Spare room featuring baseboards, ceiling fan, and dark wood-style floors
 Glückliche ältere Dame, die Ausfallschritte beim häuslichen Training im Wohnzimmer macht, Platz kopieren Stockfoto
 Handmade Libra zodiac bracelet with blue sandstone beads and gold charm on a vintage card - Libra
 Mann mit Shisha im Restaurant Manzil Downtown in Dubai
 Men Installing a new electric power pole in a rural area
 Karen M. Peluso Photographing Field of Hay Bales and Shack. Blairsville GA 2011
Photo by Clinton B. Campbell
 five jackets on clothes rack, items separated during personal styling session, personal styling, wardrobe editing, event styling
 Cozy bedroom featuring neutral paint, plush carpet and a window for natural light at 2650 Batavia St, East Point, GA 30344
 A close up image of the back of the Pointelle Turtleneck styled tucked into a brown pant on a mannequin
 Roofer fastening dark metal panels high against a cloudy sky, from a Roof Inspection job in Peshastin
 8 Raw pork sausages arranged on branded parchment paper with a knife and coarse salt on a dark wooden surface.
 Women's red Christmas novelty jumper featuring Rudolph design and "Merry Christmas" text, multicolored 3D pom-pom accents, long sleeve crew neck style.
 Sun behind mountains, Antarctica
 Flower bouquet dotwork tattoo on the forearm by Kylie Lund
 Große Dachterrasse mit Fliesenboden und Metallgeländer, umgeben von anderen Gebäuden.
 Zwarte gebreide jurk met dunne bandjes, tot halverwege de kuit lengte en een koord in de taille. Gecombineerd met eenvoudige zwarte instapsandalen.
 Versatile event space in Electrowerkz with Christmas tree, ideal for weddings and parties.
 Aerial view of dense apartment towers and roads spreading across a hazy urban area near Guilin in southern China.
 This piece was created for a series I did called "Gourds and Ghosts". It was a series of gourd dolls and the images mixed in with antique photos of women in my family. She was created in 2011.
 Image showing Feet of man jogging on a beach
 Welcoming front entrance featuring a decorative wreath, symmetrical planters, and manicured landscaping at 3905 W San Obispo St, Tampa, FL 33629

*DESCRIPTION OF THE TASK*. Reproduce every record word for word.

*OUTPUT OF THE TASK*.
Spare room featuring baseboards, ceiling fan, and dark wood-style floors
 Glückliche ältere Dame, die Ausfallschritte beim häuslichen Training im Wohnzimmer macht, Platz kopieren Stockfoto
 Handmade Libra zodiac bracelet with blue sandstone beads and gold charm on a vintage card - Libra
 Mann mit Shisha im Restaurant Manzil Downtown in Dubai
 Men Installing a new electric power pole in a rural area
 Karen M. Peluso Photographing Field of Hay Bales and Shack. Blairsville GA 2011
Photo by Clinton B. Campbell
 five jackets on clothes rack, items separated during personal styling session, personal styling, wardrobe editing, event styling
 Cozy bedroom featuring neutral paint, plush carpet and a window for natural light at 2650 Batavia St, East Point, GA 30344
 A close up image of the back of the Pointelle Turtleneck styled tucked into a brown pant on a mannequin
 Roofer fastening dark metal panels high against a cloudy sky, from a Roof Inspection job in Peshastin
 8 Raw pork sausages arranged on branded parchment paper with a knife and coarse salt on a dark wooden surface.
 Women's red Christmas novelty jumper featuring Rudolph design and "Merry Christmas" text, multicolored 3D pom-pom accents, long sleeve crew neck style.
 Sun behind mountains, Antarctica
 Flower bouquet dotwork tattoo on the forearm by Kylie Lund
 Große Dachterrasse mit Fliesenboden und Metallgeländer, umgeben von anderen Gebäuden.
 Zwarte gebreide jurk met dunne bandjes, tot halverwege de kuit lengte en een koord in de taille. Gecombineerd met eenvoudige zwarte instapsandalen.
 Versatile event space in Electrowerkz with Christmas tree, ideal for weddings and parties.
 Aerial view of dense apartment towers and roads spreading across a hazy urban area near Guilin in southern China.
 This piece was created for a series I did called "Gourds and Ghosts". It was a series of gourd dolls and the images mixed in with antique photos of women in my family. She was created in 2011.
 Image showing Feet of man jogging on a beach
 Welcoming front entrance featuring a decorative wreath, symmetrical planters, and manicured landscaping at 3905 W San Obispo St, Tampa, FL 33629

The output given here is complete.